Disruptive technology, more accurately termed “disruptive innovation,” is defined as an innovation that doesn’t just change a product, but an entire market. Classic examples include the automobile assembly line that made cars affordable commodities, and more recently, e-books and online music sharing that are ushering out traditional publishers and stifling the market for CD players.
Such innovation, said Mike Bomar, executive director of the Columbia River Economic Development Council, is a two-edged sword.
“We see disruptive technologies in two ways,” said Bomar. “They can represent major shifts that could shut down industries or make them move elsewhere. But they can also represent an opportunity if we can position ourselves to capture high-growth companies or sectors that could evolve out of the disruptive technology.”

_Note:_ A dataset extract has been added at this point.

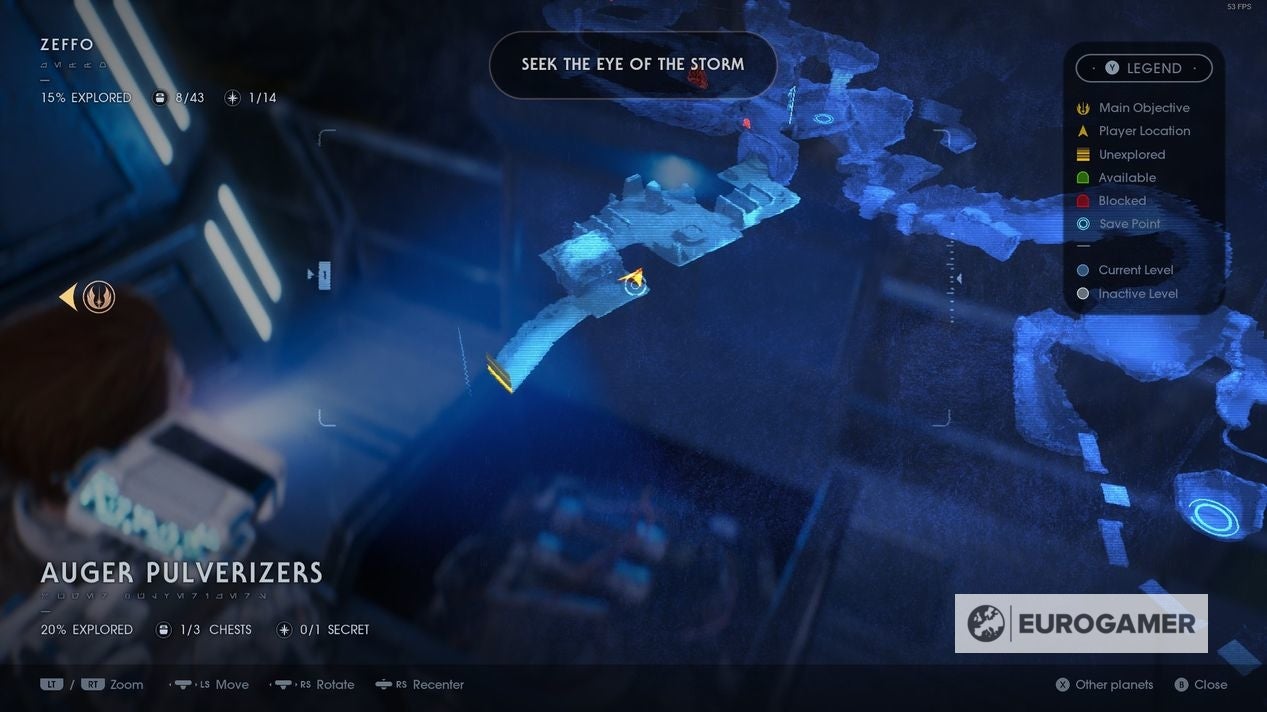 Jedi Fallen Order Lightsaber Parts and Colours  including Double Bladed Lightsaber location  materials  emitters  sleeves and switch locations explained - 40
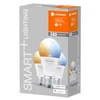 Ledvance SMART+ WiFi Classic Tunable Baltas 60 9W 2700-6500K E27, 3vnt.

The secret to catching the disruptive wave as opposed to being drowned by it, said Thomas Thurston, is to not focus on creating better performing gear (otherwise known as sustaining innovation), but on doing something more cheaply, more simply and “good enough” – thereby creating new market opportunities.
Thurston, chief investment officer for Ironstone Group, a venture capital firm that invests solely in disruptive businesses, said 90 percent of startup companies that concentrate on sustaining innovation fail. However, he said those who find ways to provide lower cost, more accessible, easier to use goods and services increase their survival chances to 66 percent.

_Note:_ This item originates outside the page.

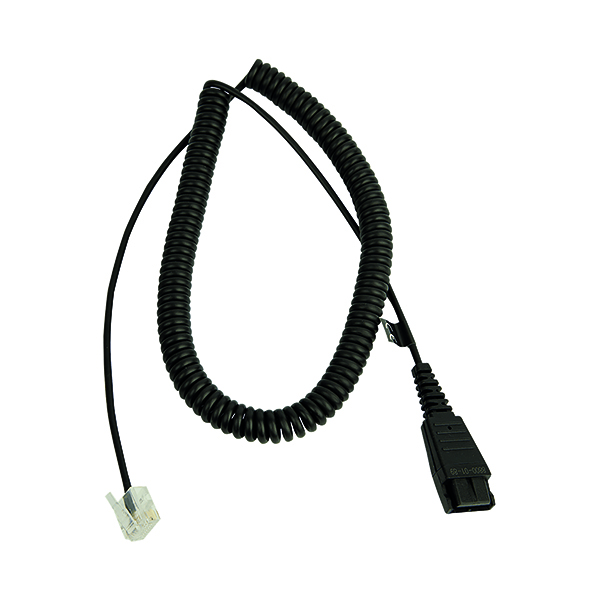 JABRA QD MODULAR RJ45 BOTTOM CORD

“It’s important to understand the concept,” said Scott Keeney, CEO of Vancouver-based nLIGHT, which manufactures high-power semiconductor diode lasers . “It’s not about technology alone, and it’s not about ‘better.’ Goals driven by performance metrics don’t show it up.”
Jon Roberts, managing director of TIP Strategies Inc., an economic development consulting firm that worked with the CREDC to prepare the Clark County Economic Development Plan, identified four main industry sectors in our region that will be affected by disruptive innovation – positively or negatively. These sectors are healthcare, retail, manufacturing, and the silicon chip industry.

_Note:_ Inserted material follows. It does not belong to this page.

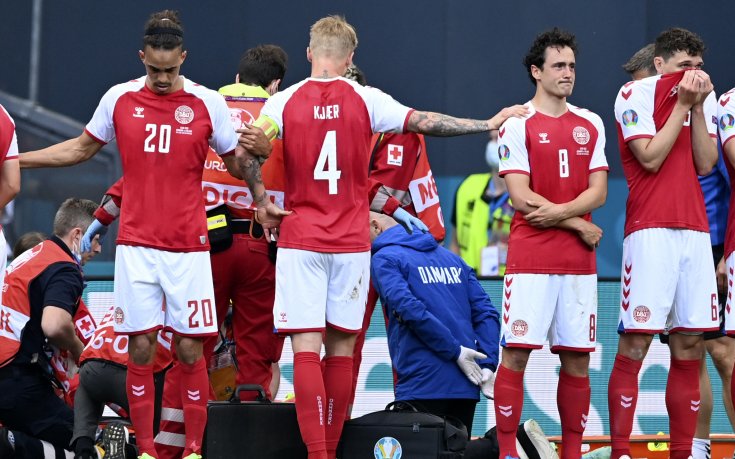 ЦСКА, Лудогорец и Христо Стоичков подкрепиха Ериксен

Roberts said the healthcare sector is going through massive disruptions from all angles, including electronic records, remote patient monitoring and remote surgery.
“The very nature of hospitals will change,” said Thurston, adding that this will require hospitals such as Vancouver-headquartered PeaceHealth to change how they interact with patients and service providers.
Thurston characterized the disruptive innovations in healthcare as shifting the point of care from a high-skill environment to a low-skill one. Examples include a procedure that once required hospitalization becoming possible in a doctor’s office, or a test that a nurse practitioner could perform becoming available to consumers over the counter.
Similar changes await chip manufacturers, who have long counted on Moore’s Law (smaller chip, better performance). Roberts said the demand for “good enough” chips for specialized uses such as smart cars that interact with red lights and the cars around them could “dramatically increase the workforce, or undermine it.”
In the retail sector, said Roberts, the Internet is forcing major changes to the traditional brick and mortar business model. Consumers now have easy access to price comparisons and same-day delivery. Mass customization is another innovation that Sean Robbins, president of Greater Portland Inc. sees as disruptive for retailers. For example, stores can stock a limited number of smart phones, but online, consumers can now order a customized phone (color, sounds, features) and have it shipped to their door.
“People will come to expect companies to design, fabricate, produce and ship small batches of customized product,” said Robbins, although he admitted “there’s a lot of work still to do to make it happen.”
Still in its infancy, industrial 3D printing (also called additive manufacturing) has the potential to be significantly disruptive in the manufacturing sector. For example, Thurston said that a prototype created by a 3D printer may be “good enough” – enabling people to do their own prototyping instead of hiring a product engineering firm.
Both mass customization and 3D printing rely on automation. Roberts said that many regional manufacturers are well positioned to take advantage of these disruptive technologies because they are “a little more upstream than most” – they make the automation equipment themselves (US Digital and Columbia Machine, for example).
Opening the door
Robbins identified yet another “disruptive” trend that has the potential to create new markets for local companies – the convergence of advances in hardware, software and chips. Robbins cited Nike’s metamorphosis from a shoe company to a multidisciplinary digital athletic company.
“Our region has a whole basket of legacy manufacturing companies,” said Robbins. “Mix that with the region’s strengths in software, electronics and chips, and you have an interesting stew – we need to figure out ways to connect all this intelligent engineering.”
To that end, said Robbins, companies who want to thrive on disruption need to “be aggressive” about breaking down barriers between industries and collaborating with “radically different” sectors. Robbins added that companies also need to proactively recruit talent with a “diversity of thought and experience.”
Keeney advised managers to “step back from standard metrics, and ask more fundamental questions. Figure out if there is something different that is ‘good enough.’”
And no one should be complacent about the potential effects of disruptive technology.
“Disruptive technology is relevant to every business,” said Keeney.
And, added Roberts, “Nothing about disruptive technologies should be thought of as futuristic. They are already being implemented and are already affecting economic development.”